The only novel officially for adults by kids-book genius Pinkwater is this odd 1995 item, which is plotted and told a lot like his best YA novels -- sideways, slyly, around corners and leaving out the boring parts. It asks the eternal question: is there dieting after death? The plot begins in the afterlife, but mostly takes place on earth, explaining the events that lead up to its first sentence: "Milton Cramer, the lousy editor, woke up in a room he'd never seen before."

As a fat guy, and a long-time lover of Pinkwater's book, I loved this when I first read it -- I had a copy of the hardcover from 1995, which was lost in the flood -- and got a new one as soon as I could. And why do we re-buy books we love if not for an excuse to read them again?

The Afterlife Diet is one of those books that's hilarious on the surface, but -- in the immortal words of Fat Albert, "if you're not careful, you may learn something." The something you'll learn is about life, or yourself, or psychiatry, or the human condition -- Pinkwater is tacking the big stuff here, and doing it magnificently.
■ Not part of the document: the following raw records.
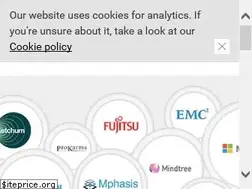 Sites similar to peppersquare.com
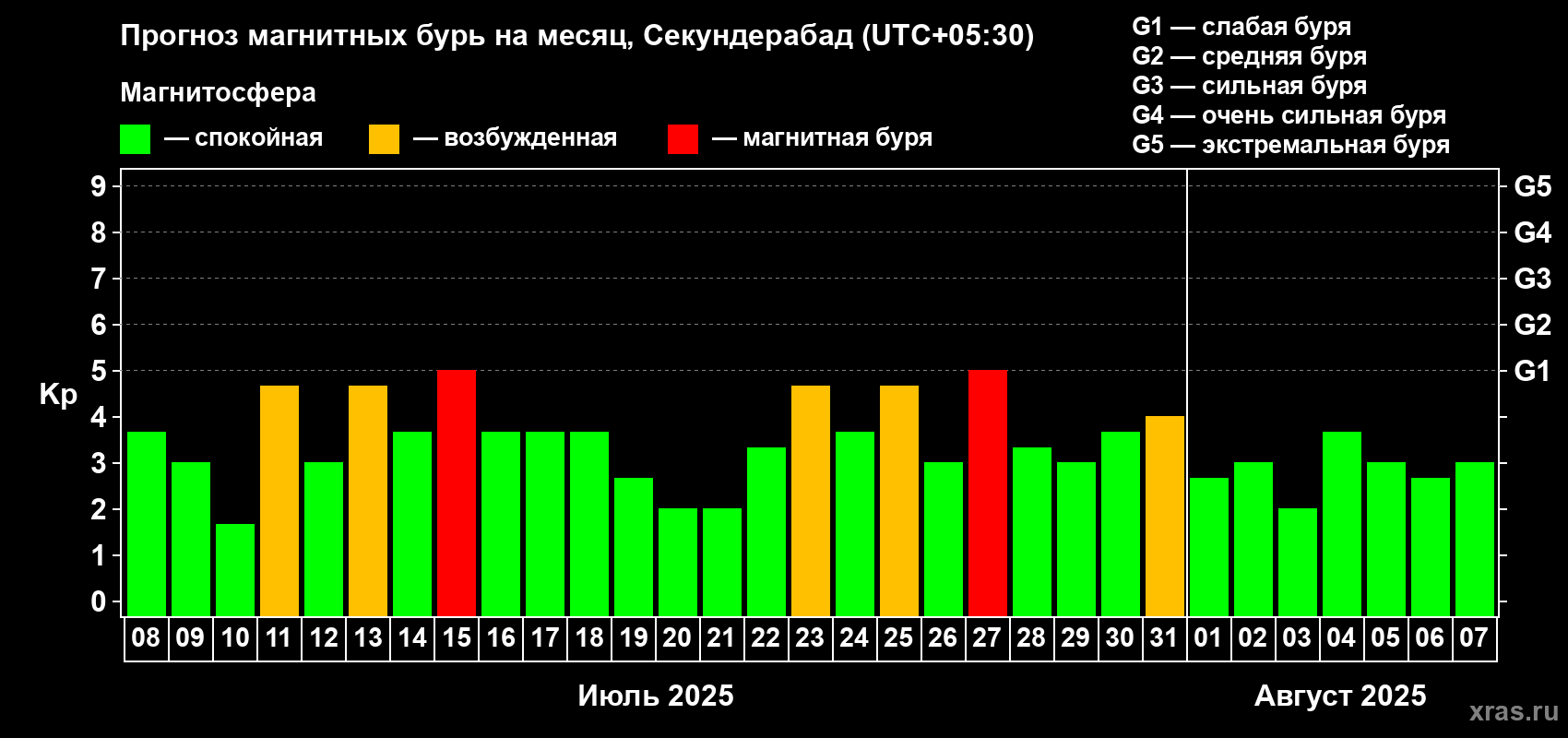 Прогноз максимального суточного геомагнитного индекса Kp на <b>1 месяц</b> (31 день) <b>с 08 июля по 07 августа 2025 г</b>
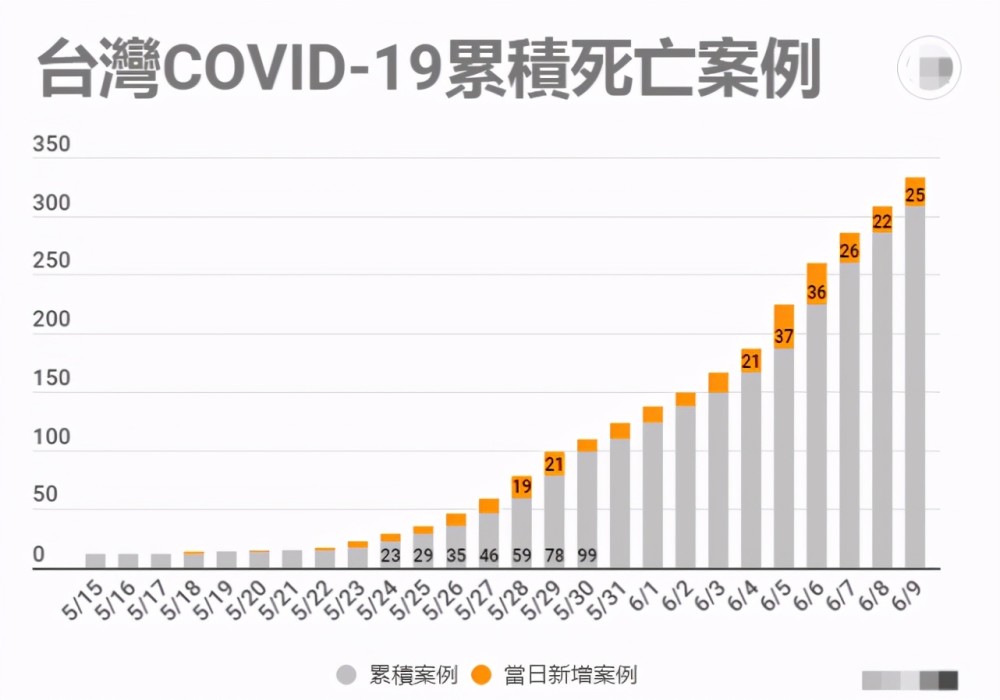 推荐一款“微信微乐麻将必赢软件”(确实是有挂)-知乎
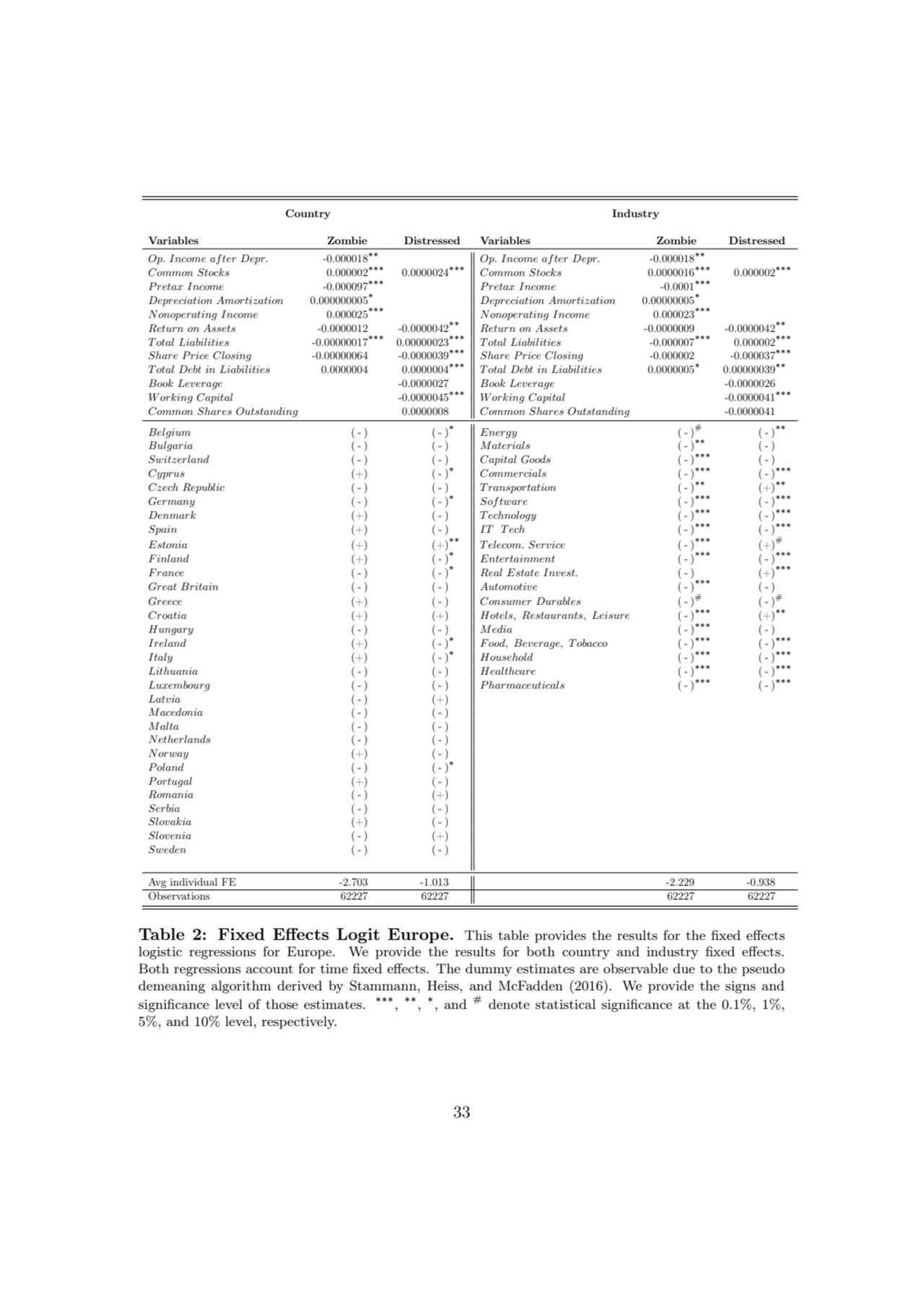 Country Industry
Variables Zombie Distressed Variables Zombie Distressed
Op. Income af ter Depr. …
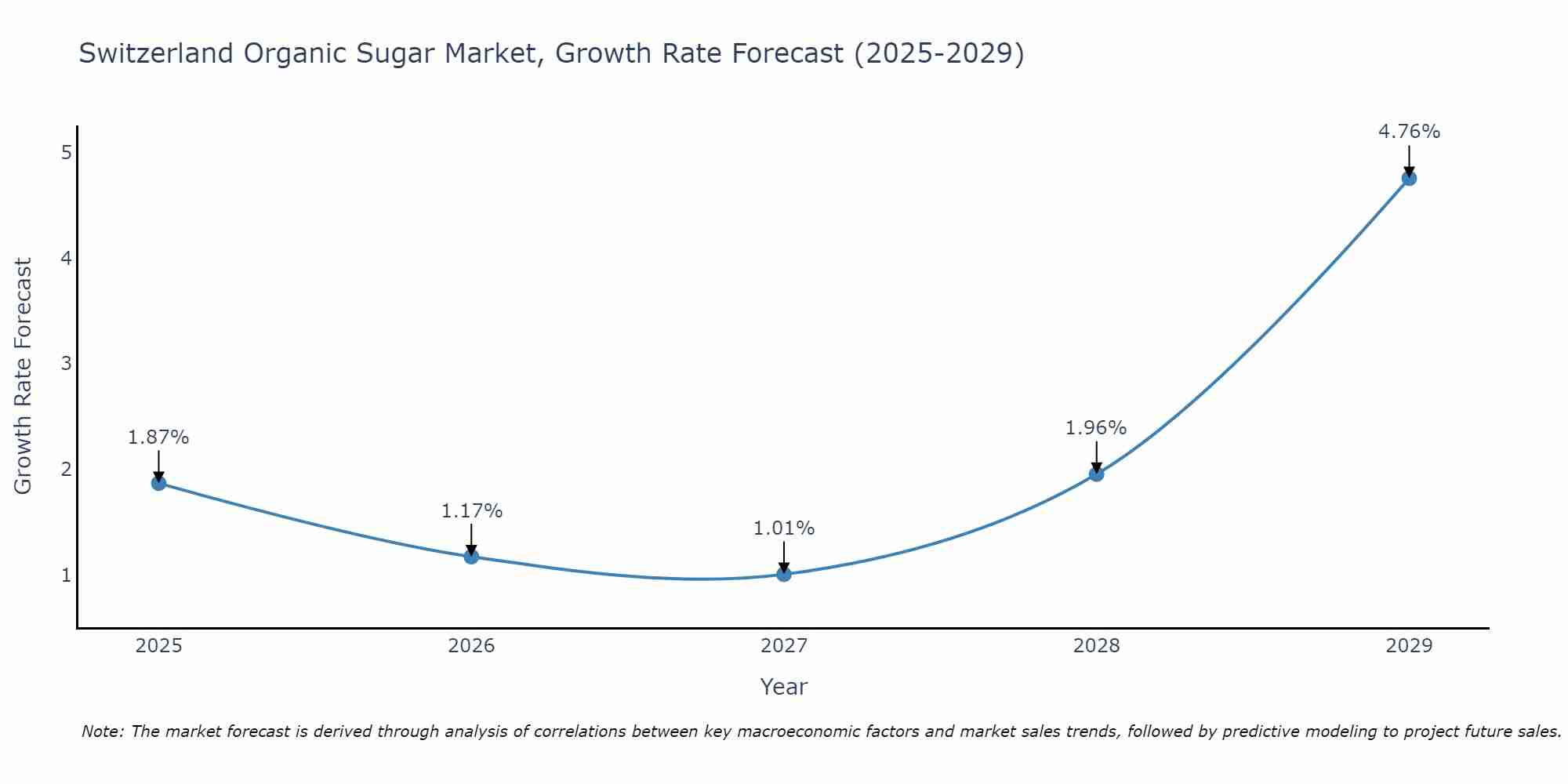 Switzerland Organic Sugar Market Growth Rate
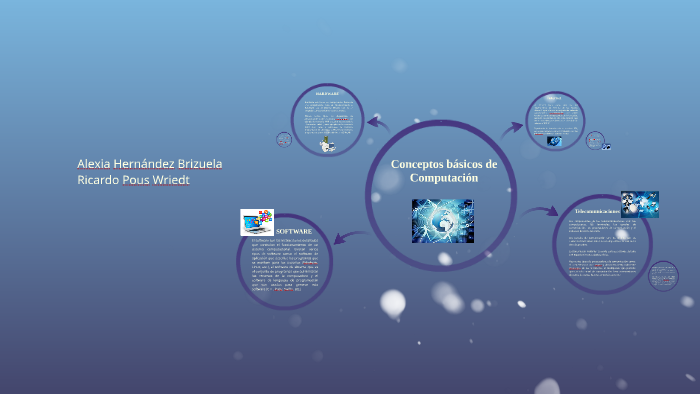 Conceptos básicos de Computación by on Prezi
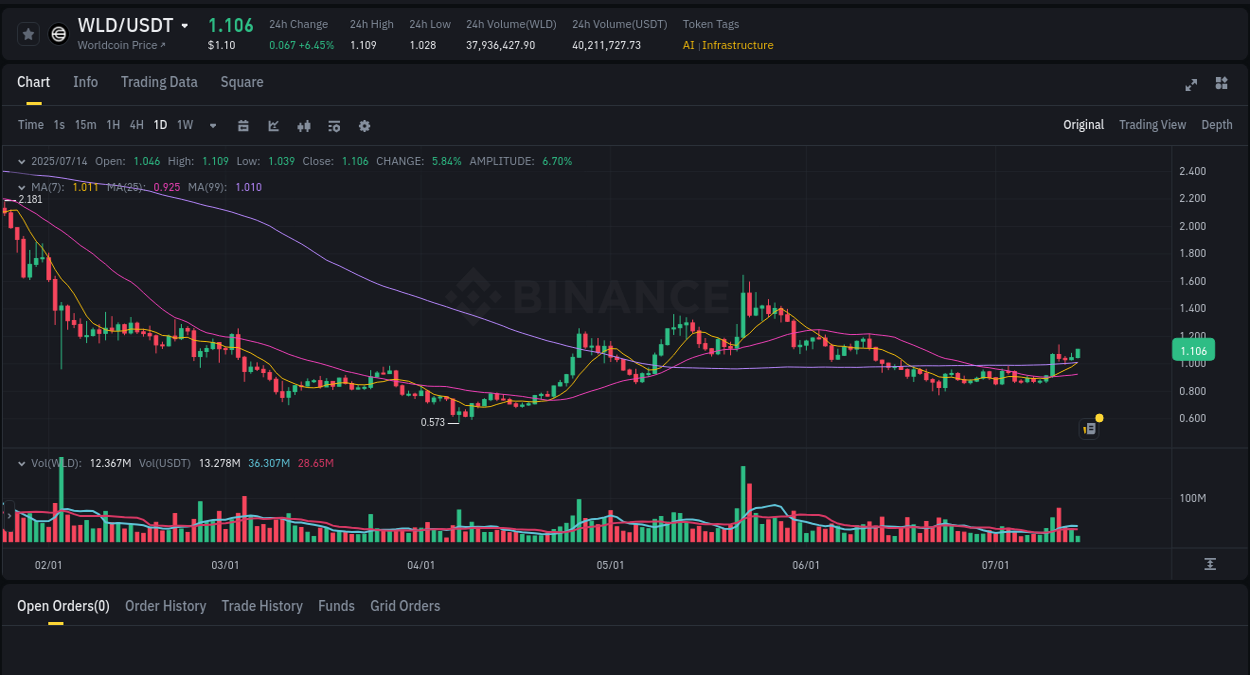 Market analysis: WLD pump on Binance at 14 July 2025, 06:51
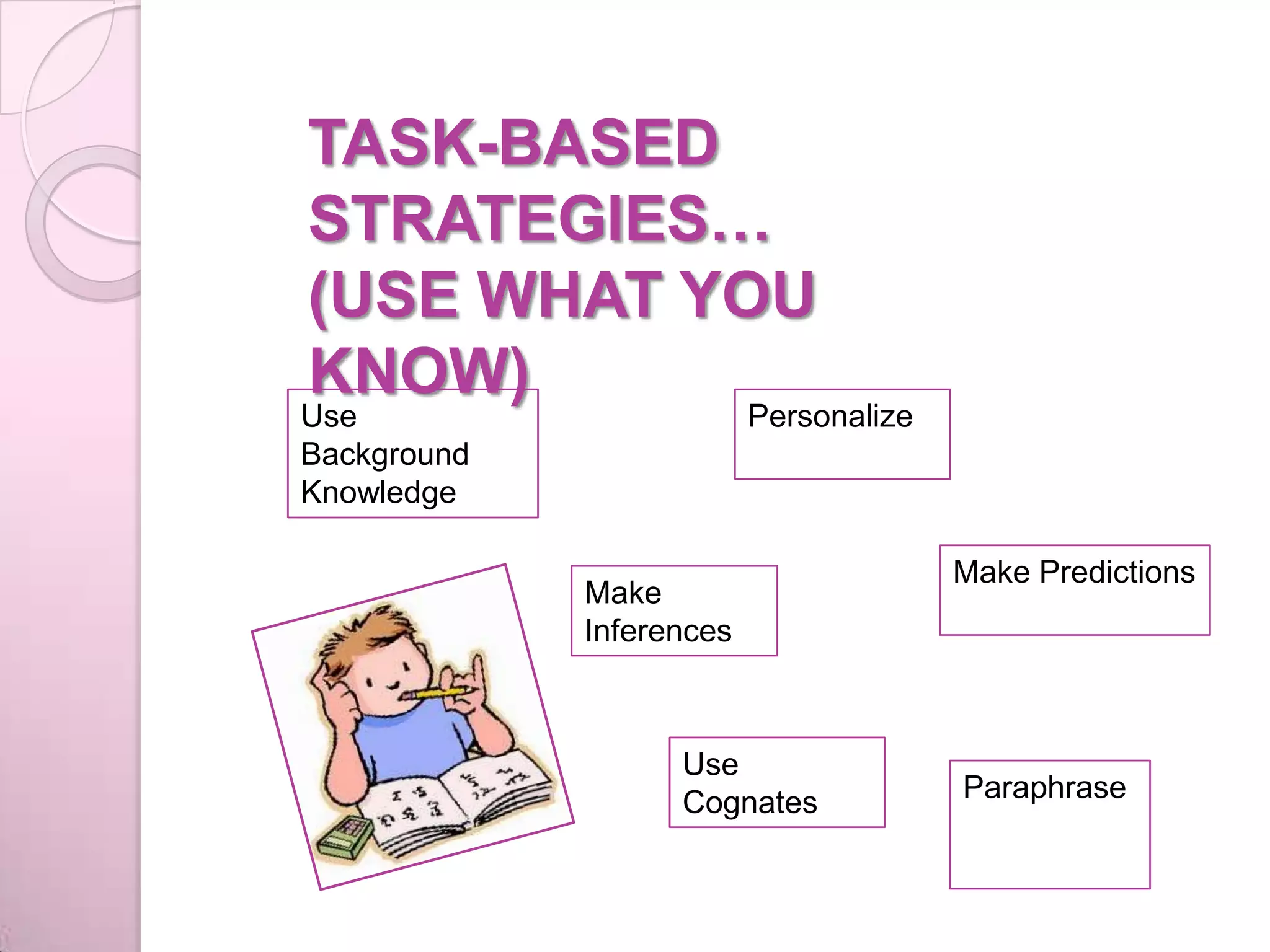 TASK-BASED
STRATEGIES…
(USE WHAT YOU
KNOW)
Use
Background
Knowledge
Make
Inferences
Make Predictions
Personalize
Use
Cognates Paraphrase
If you are currently an adult, and have never read Pinkwater (which is horribly sad, but may be true for some people), this is a good place to start, if you can find a copy. If you're a Pinkwater fan who didn't know he'd written for adults, you now have a gem to find.

The Unofficial Guide to Walt Disney World 2014 by Bob Sehlinger & Len Testa,


Whenever I'm looking to take a family trip to the Lands of the Mouse (whether in Anaheim or Orlando), I always make sure to check out the most recent Unofficial book on the subject during my planning. Sure, I've internalized most of the lessons at this point, but there are changes every year, and other things that I need to be reminded of. In 2011, during my year-long Book-A-Day string, I read a good-sized pile of guides to Walt Disney World (and then read two about Disneyland last summer), and the Unofficial books, in all of their varieties, are clearly the most useful and directly helpful of any of the books I've seen. Others sometimes have more facts and figures, but the Unofficial books tell you what to do, in conversational language, and incorporate not just a huge wealth of personal experience and Big Data computing power, but also anecdotes and ideas from dozens of their readers.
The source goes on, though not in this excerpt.